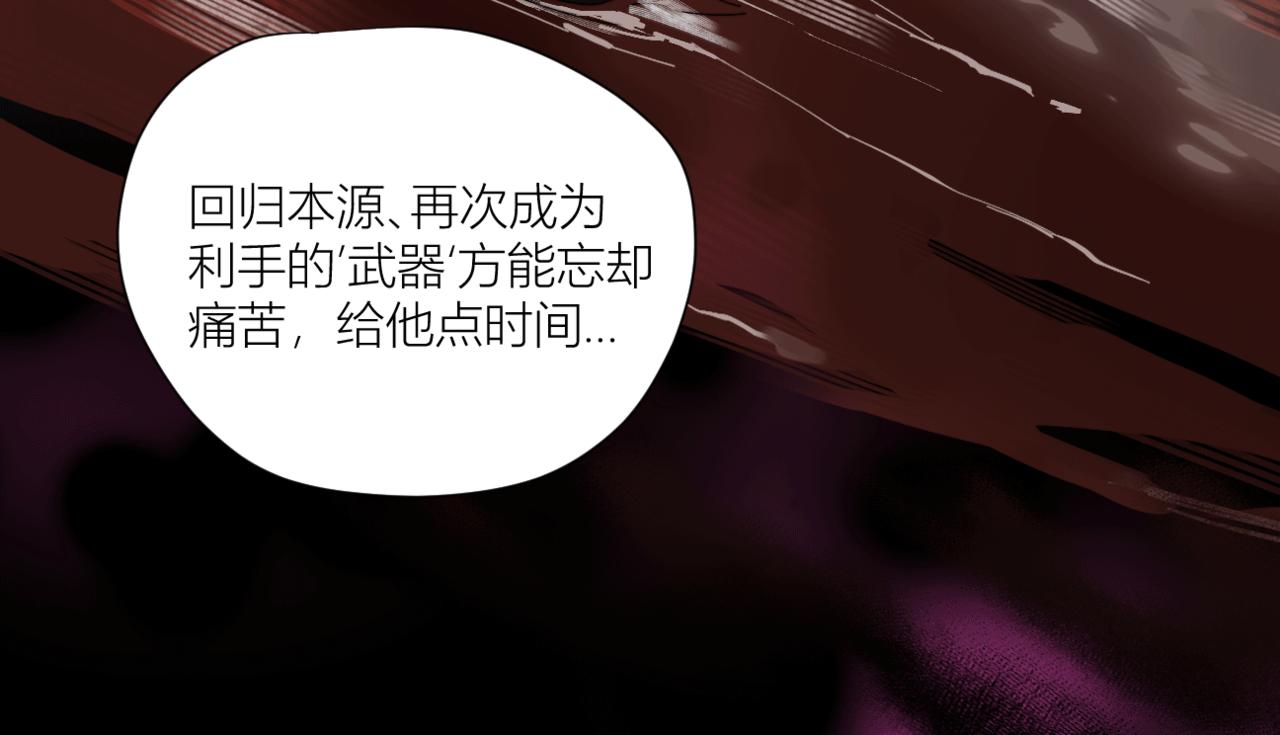 第27话 崩溃(1/3)-第35话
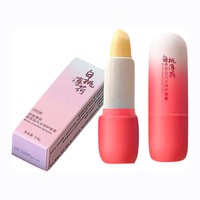 Увлажняющий бальзам для губ «ZPPOR» с ароматом белого персика и мяты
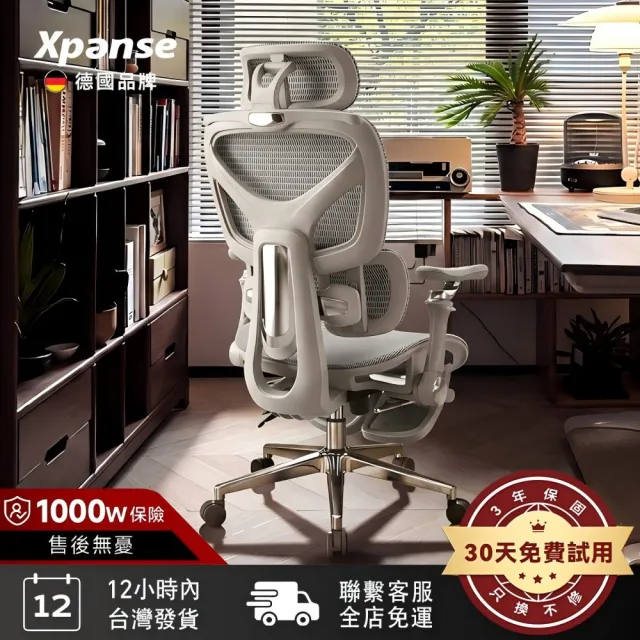 【Xpanse】T9 人體工學椅「四簧雙翼」雙區獨立彈簧隨動追腰系統 太空艙電腦椅 遊戲電競椅辦公躺椅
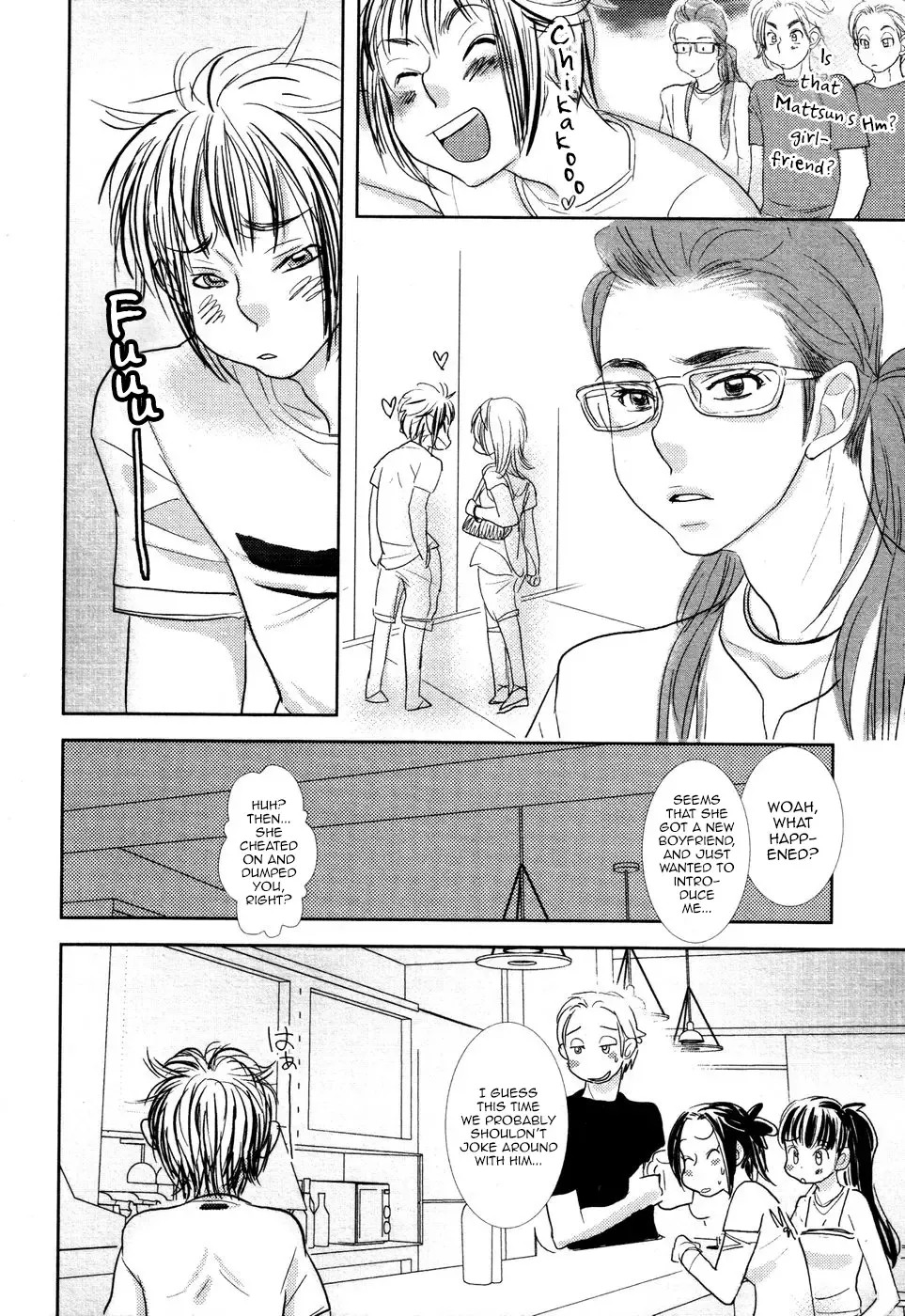 [Kougami Eri] First Step Fhentai - Page 12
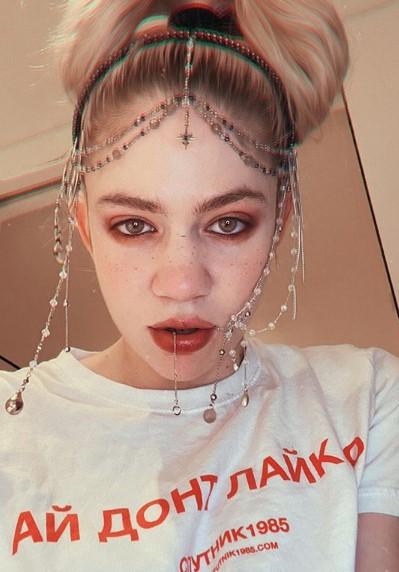 Співачка Grimes / Фото: instagram.com/grimes Співачка Grimes / Фото: instagram.com/grimes
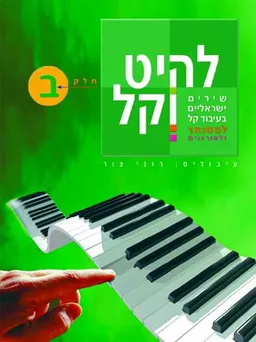 להיט וקל ב'
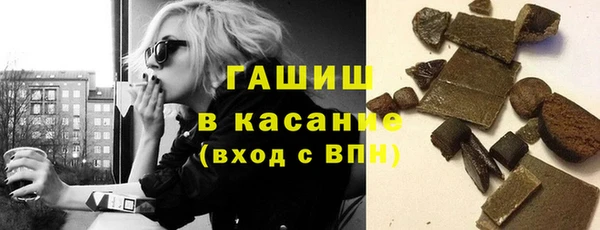 прущие крисы Алексеевка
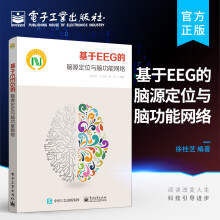 《基于EEG的脑源定位与脑功能网络》[22M]百度网盘|亲测有效|pdf下载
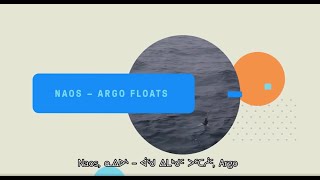 NAOS Bio-Argo Floats / AO - Inuktitut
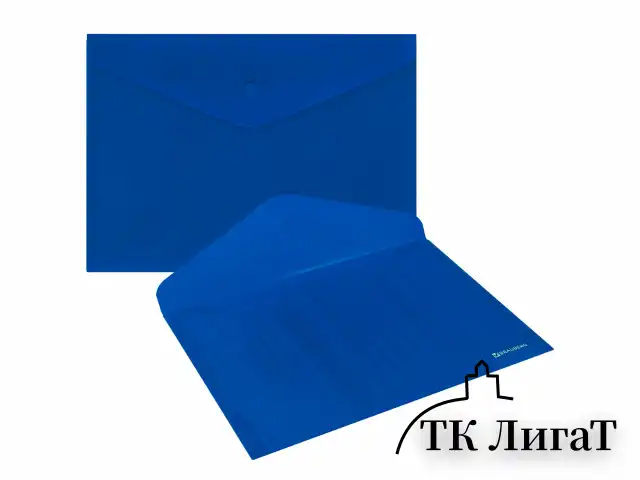 Папка-конверт с кнопкой BRAUBERG "SUPER", А4, матовая непрозрачная синяя, ПРОЧНАЯ 0,2 мм, 272875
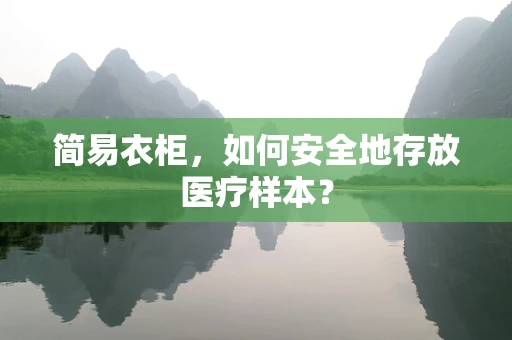 简易衣柜，如何安全地存放医疗样本？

* * * * *

## Your assignment
Retype the whole listing. Keep every word exact but include no pictures.

## Response
 第27话 崩溃(1/3)-第35话
 Увлажняющий бальзам для губ «ZPPOR» с ароматом белого персика и мяты
 【Xpanse】T9 人體工學椅「四簧雙翼」雙區獨立彈簧隨動追腰系統 太空艙電腦椅 遊戲電競椅辦公躺椅
 [Kougami Eri] First Step Fhentai - Page 12
 Співачка Grimes / Фото: instagram.com/grimes Співачка Grimes / Фото: instagram.com/grimes
 להיט וקל ב'
 прущие крисы Алексеевка
 《基于EEG的脑源定位与脑功能网络》[22M]百度网盘|亲测有效|pdf下载
 NAOS Bio-Argo Floats / AO - Inuktitut
 Папка-конверт с кнопкой BRAUBERG "SUPER", А4, матовая непрозрачная синяя, ПРОЧНАЯ 0,2 мм, 272875
 简易衣柜，如何安全地存放医疗样本？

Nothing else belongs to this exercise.